By Mthulisi Mathuthu
SW Radio Africa
20 January 2014
The government’s plan to scrap ZBC listener’s licence fees has been criticized as yet another arbitrary decision taken without considering the fundamental problems besetting the state broadcaster. Permanent secretary for information, George Charamba, told a ZiFM radio strategic workshop in Inyanga last Friday that the government will soon be scrapping the listener’s licence fees.
At the moment the Broadcasting Services of Zimbabwe (BAZ) penalizes the possession of a radio or television signal receiver without a valid licence, and ZBC is the sole beneficiary of this law.
Charamba admitted to the ‘absurdity’ of the current law saying it suggested that ‘everyone’, including owners of phones, has to pay a licence fee.
But the move to scrap licence fees is widely seen as a strategy to woo the public towards the ZBC as opposed to improving the quality of the state broadcaster’s service.
Radio Dialogue director Debra Mabunda said it was folly for the government to expect people to now flock towards the state media, because people did not boycott ZBC because of licences in the first place.
She said: ‘The picture is much broader than the issue of licences; the people have deeper grievances with the ZBC and it is only when they (ZBC) up their game that the people will begin to think about taking them seriously.’

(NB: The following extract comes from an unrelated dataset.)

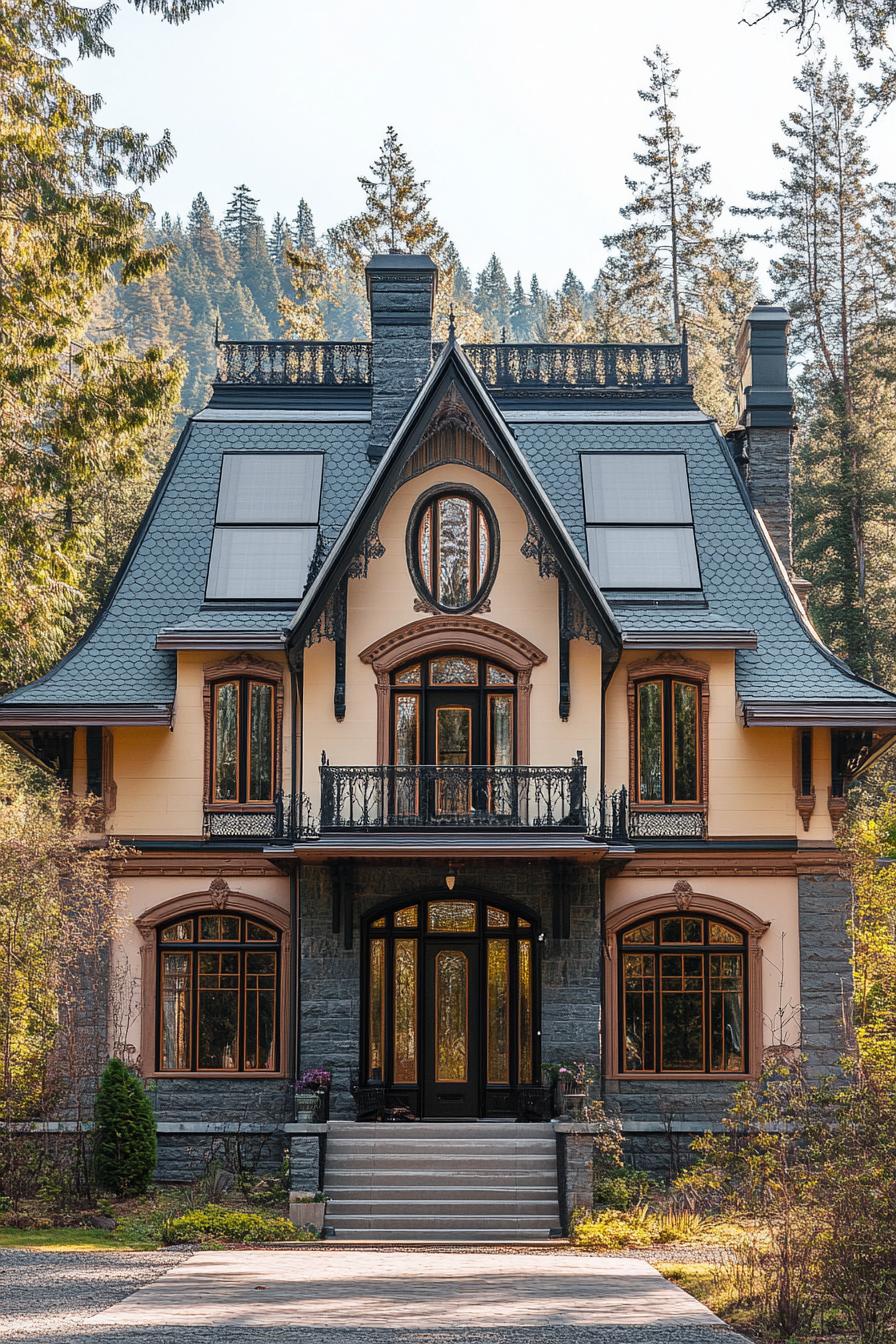 modern neo Victorian style house facade with mansard roof with solar panels countryside forests in the background 3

Mabunda added that even if the quality of ZBC’s service was to improve it will still take a long time before the people start taking the state broadcaster seriously. ‘The ZBC lost the people’s confidence a long time ago and so that confidence cannot just be regained by scrapping licences’, said Mabunda.
In an interview with SW Radio Africa, Mabunda said while the scrapping of fees was good news for ordinary people the move raises questions as to the government’s real intention.
She likened the move to scrap the licenses to the arbitrary decision to cancel the debts owed by the residents to local authorities, as it comes at a time when the ZBC is struggling to pay its workers and finance its programmes.
BAZ has over the years come under criticism for forcing the public to pay for the licences even when the people rely on other broadcasters, thanks to satellite dishes. Only last year MDC legislator for Harare West, Jessie Majome, took BAZ to court over the issue of licences. She argued that it was her right to boycott the licence fee because ZBC was biased against her party.